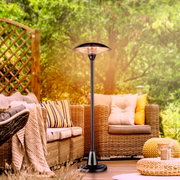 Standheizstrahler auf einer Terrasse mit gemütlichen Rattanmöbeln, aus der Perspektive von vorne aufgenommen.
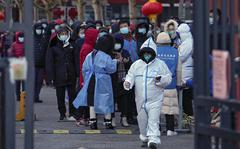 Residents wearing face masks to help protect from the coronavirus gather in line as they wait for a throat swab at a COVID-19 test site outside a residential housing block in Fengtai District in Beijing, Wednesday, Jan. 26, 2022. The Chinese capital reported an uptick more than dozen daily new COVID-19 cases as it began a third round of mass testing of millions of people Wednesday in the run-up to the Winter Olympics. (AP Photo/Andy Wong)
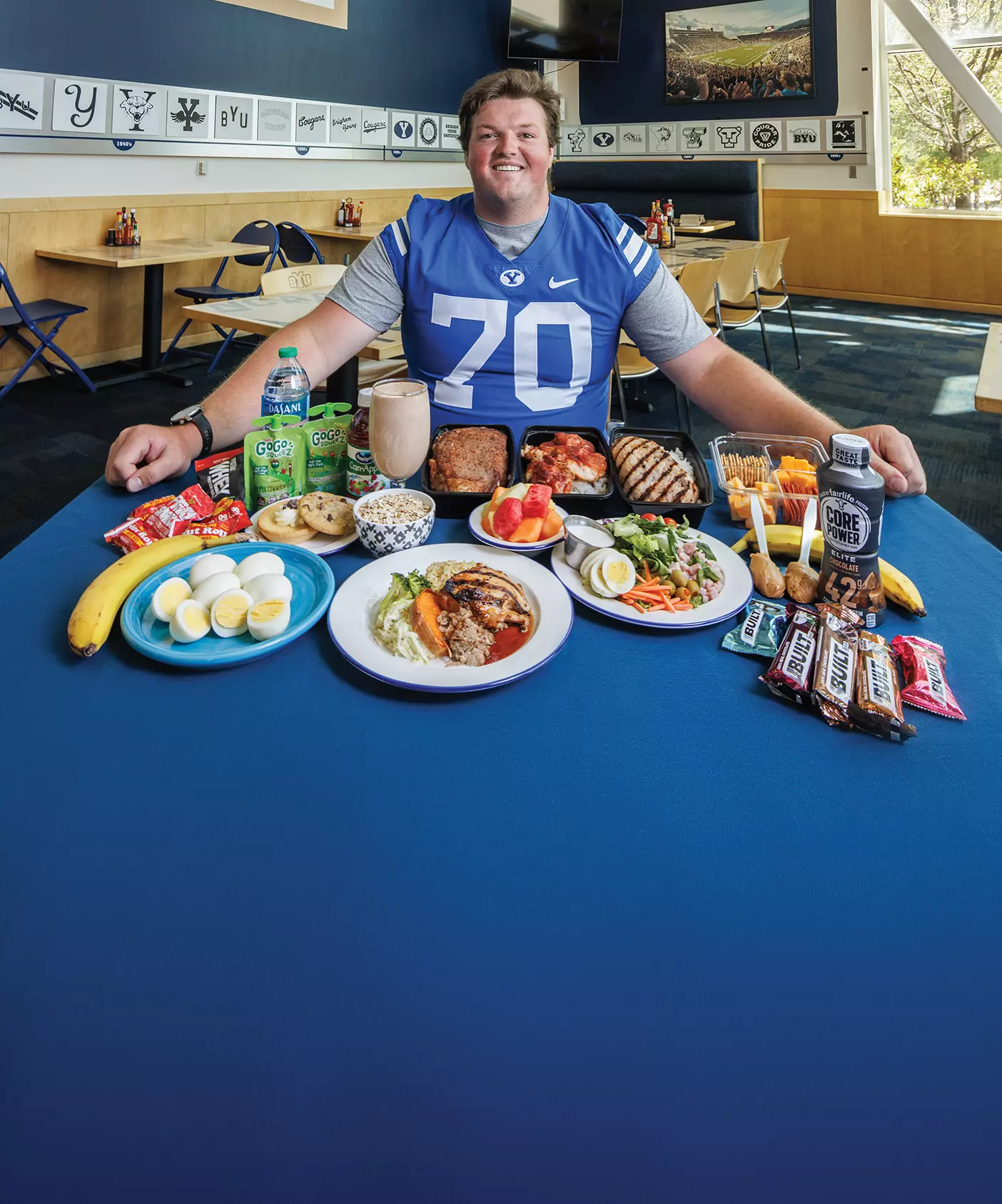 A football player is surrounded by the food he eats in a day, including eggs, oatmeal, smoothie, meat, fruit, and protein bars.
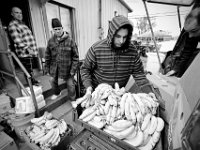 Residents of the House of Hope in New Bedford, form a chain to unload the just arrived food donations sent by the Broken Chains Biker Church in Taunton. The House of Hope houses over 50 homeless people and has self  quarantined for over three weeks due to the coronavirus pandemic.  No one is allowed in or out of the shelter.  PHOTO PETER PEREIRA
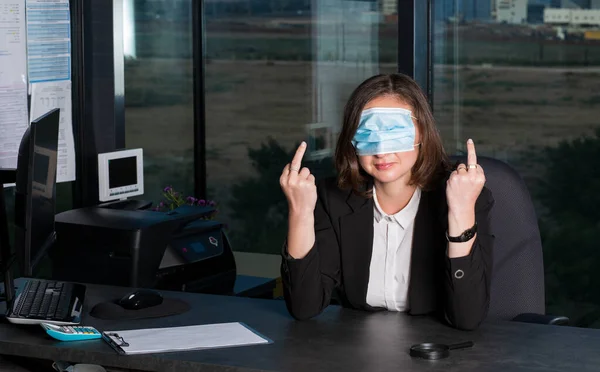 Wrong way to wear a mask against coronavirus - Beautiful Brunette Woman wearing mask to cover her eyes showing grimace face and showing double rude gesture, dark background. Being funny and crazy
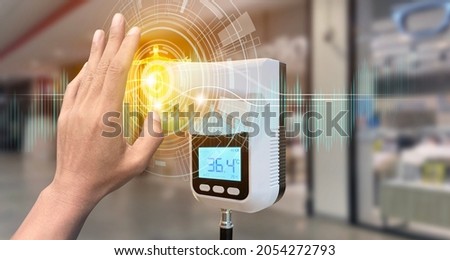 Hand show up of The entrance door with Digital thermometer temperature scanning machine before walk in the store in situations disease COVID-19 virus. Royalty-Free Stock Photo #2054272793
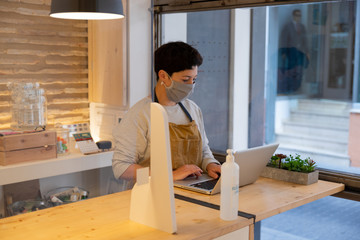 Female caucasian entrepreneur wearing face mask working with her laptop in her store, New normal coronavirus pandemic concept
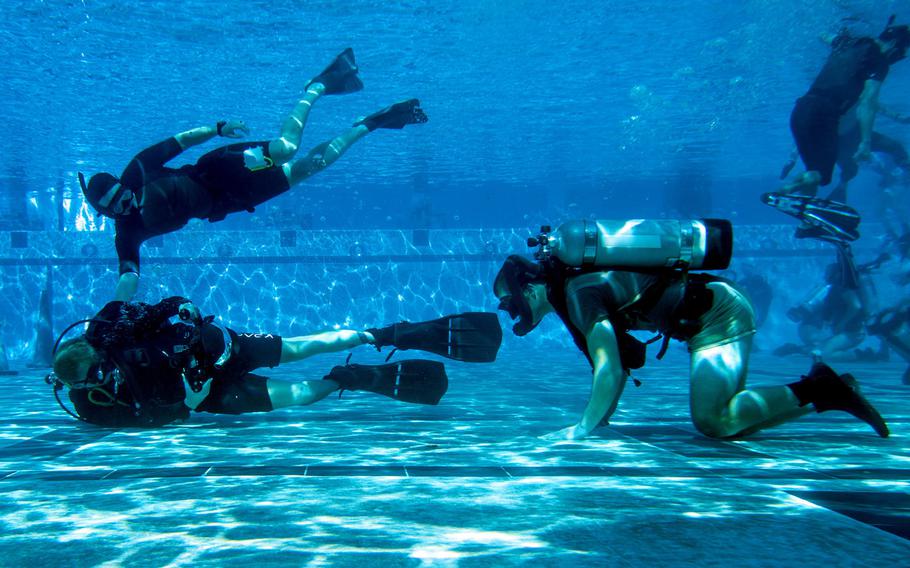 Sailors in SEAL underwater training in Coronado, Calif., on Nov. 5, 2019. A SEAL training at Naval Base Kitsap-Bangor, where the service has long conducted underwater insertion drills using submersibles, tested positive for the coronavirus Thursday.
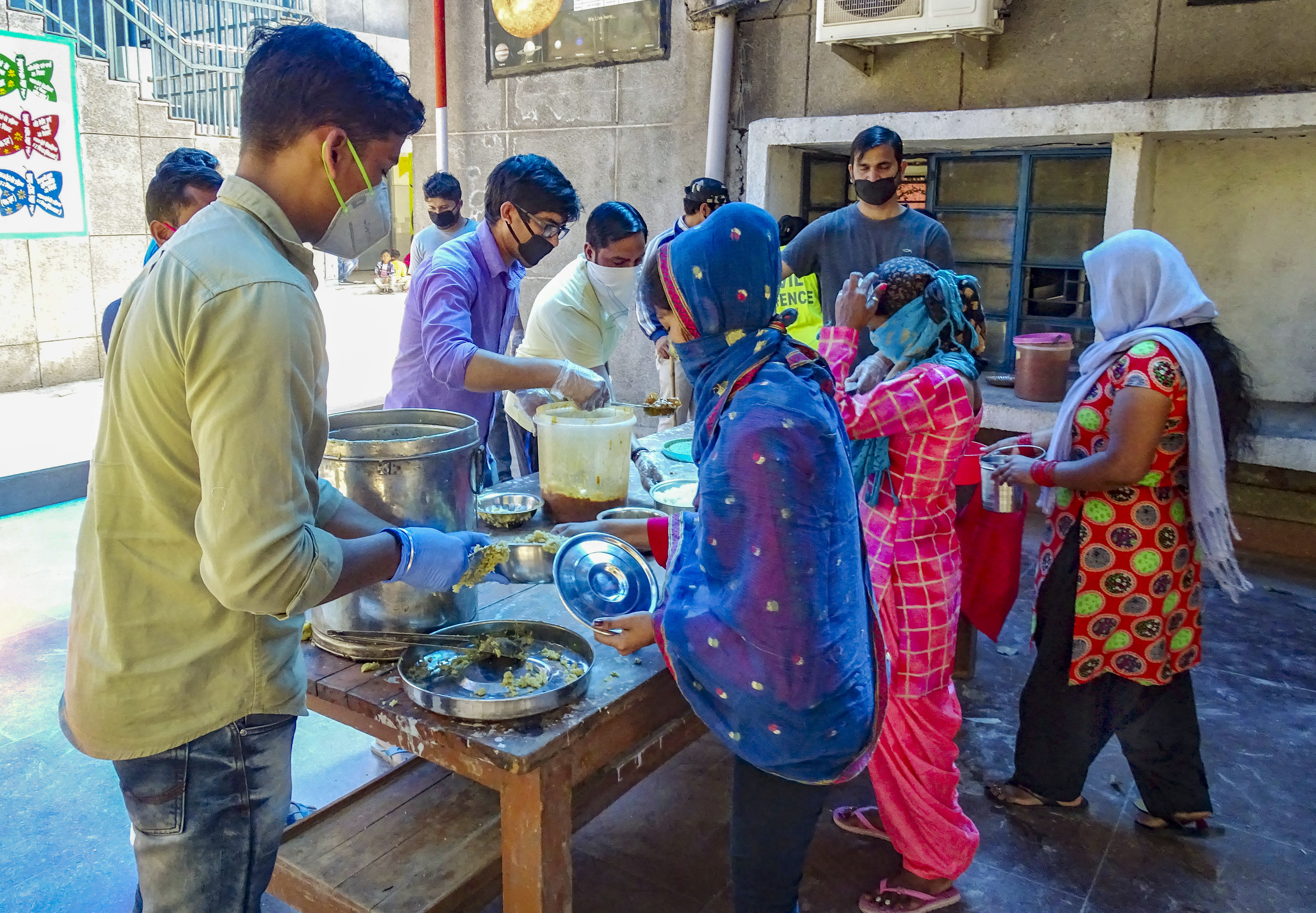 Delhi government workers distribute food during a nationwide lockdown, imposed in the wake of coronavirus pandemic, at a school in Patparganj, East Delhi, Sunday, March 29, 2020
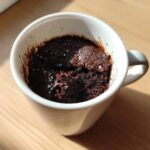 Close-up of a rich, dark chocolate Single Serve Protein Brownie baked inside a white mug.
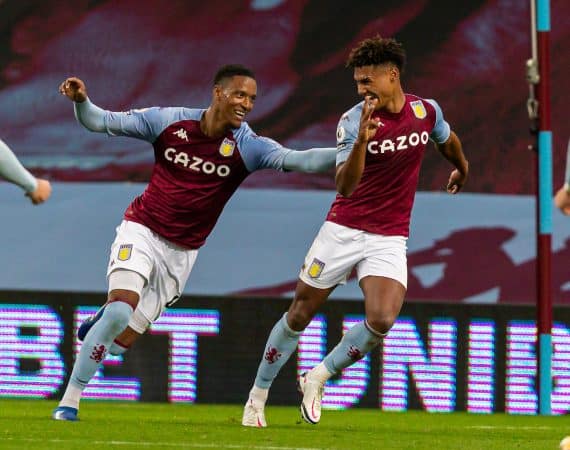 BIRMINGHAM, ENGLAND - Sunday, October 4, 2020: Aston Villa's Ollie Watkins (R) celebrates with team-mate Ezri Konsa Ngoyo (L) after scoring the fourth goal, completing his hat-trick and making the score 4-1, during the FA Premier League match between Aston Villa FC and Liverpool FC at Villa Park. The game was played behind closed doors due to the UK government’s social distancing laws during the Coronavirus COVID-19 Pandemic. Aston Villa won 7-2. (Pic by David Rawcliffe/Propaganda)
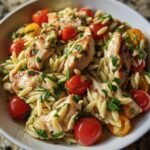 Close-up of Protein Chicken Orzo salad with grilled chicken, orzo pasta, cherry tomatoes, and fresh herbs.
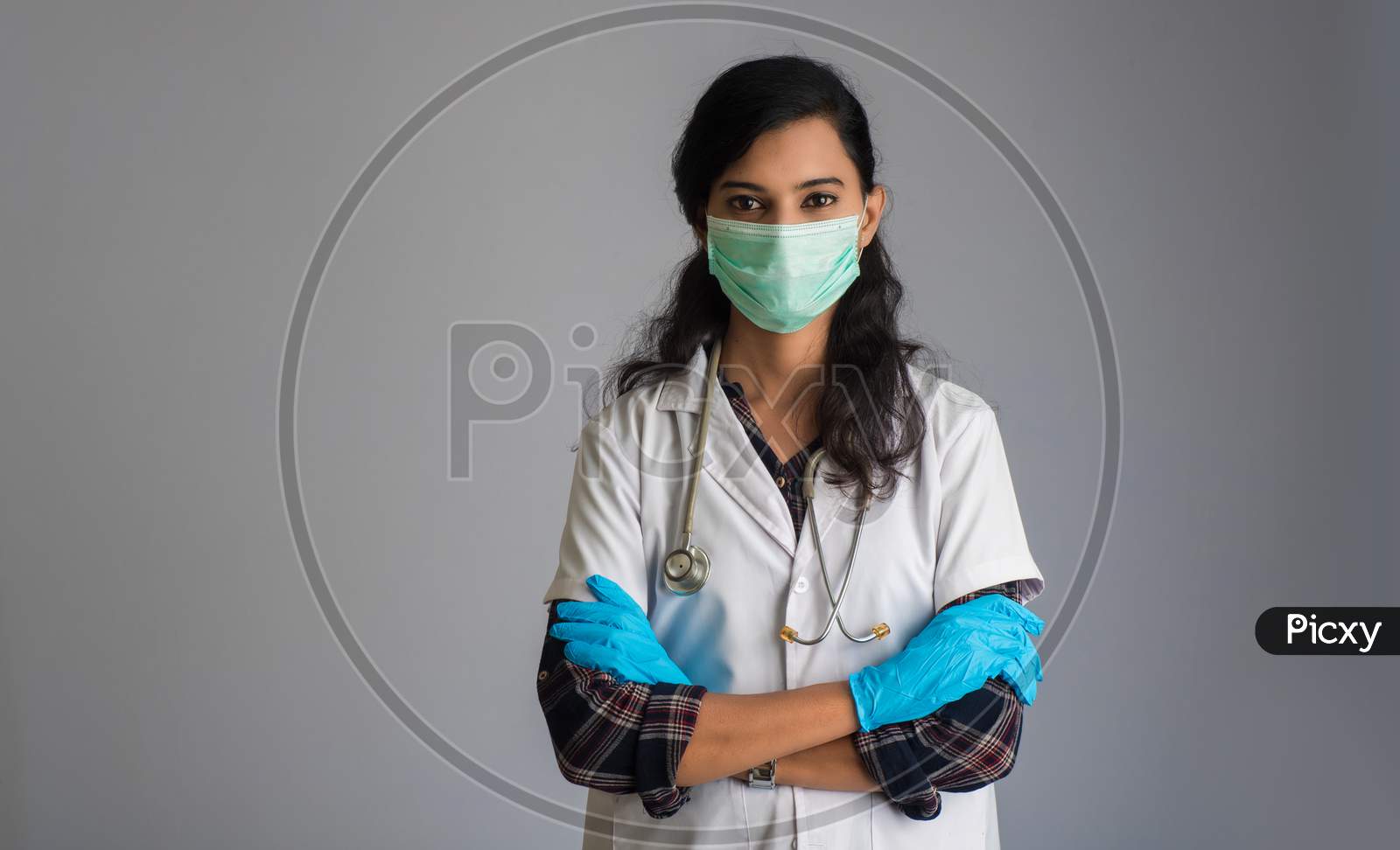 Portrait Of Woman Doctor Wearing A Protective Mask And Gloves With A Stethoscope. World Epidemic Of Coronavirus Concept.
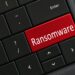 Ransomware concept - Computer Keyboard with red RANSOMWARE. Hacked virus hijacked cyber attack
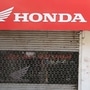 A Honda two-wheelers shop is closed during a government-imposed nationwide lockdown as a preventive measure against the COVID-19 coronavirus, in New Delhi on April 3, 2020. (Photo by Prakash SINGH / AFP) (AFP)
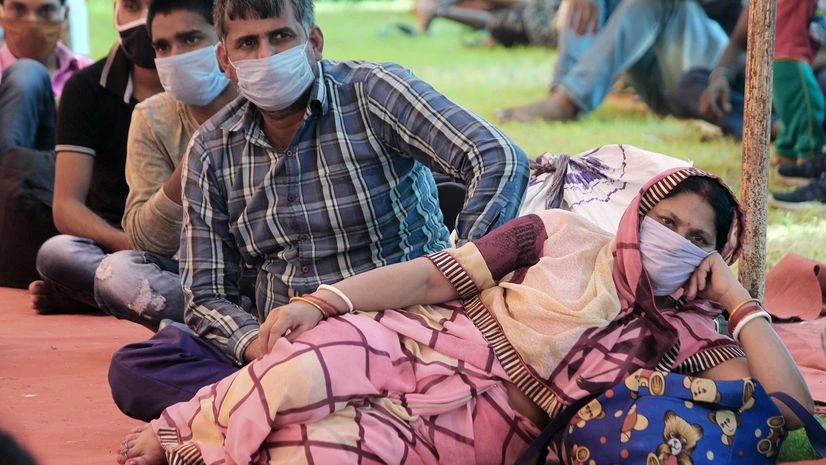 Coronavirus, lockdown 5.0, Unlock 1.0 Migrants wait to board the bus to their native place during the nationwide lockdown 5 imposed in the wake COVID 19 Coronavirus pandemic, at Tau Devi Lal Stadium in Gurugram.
::::
__Required action__
Hand back exactly the lines from the one with "Ransomware concept - Computer" through the last line of the data above, both ends included, with every picture left out.

__Written solution__
 Ransomware concept - Computer Keyboard with red RANSOMWARE. Hacked virus hijacked cyber attack
 A Honda two-wheelers shop is closed during a government-imposed nationwide lockdown as a preventive measure against the COVID-19 coronavirus, in New Delhi on April 3, 2020. (Photo by Prakash SINGH / AFP) (AFP)
 Coronavirus, lockdown 5.0, Unlock 1.0 Migrants wait to board the bus to their native place during the nationwide lockdown 5 imposed in the wake COVID 19 Coronavirus pandemic, at Tau Devi Lal Stadium in Gurugram.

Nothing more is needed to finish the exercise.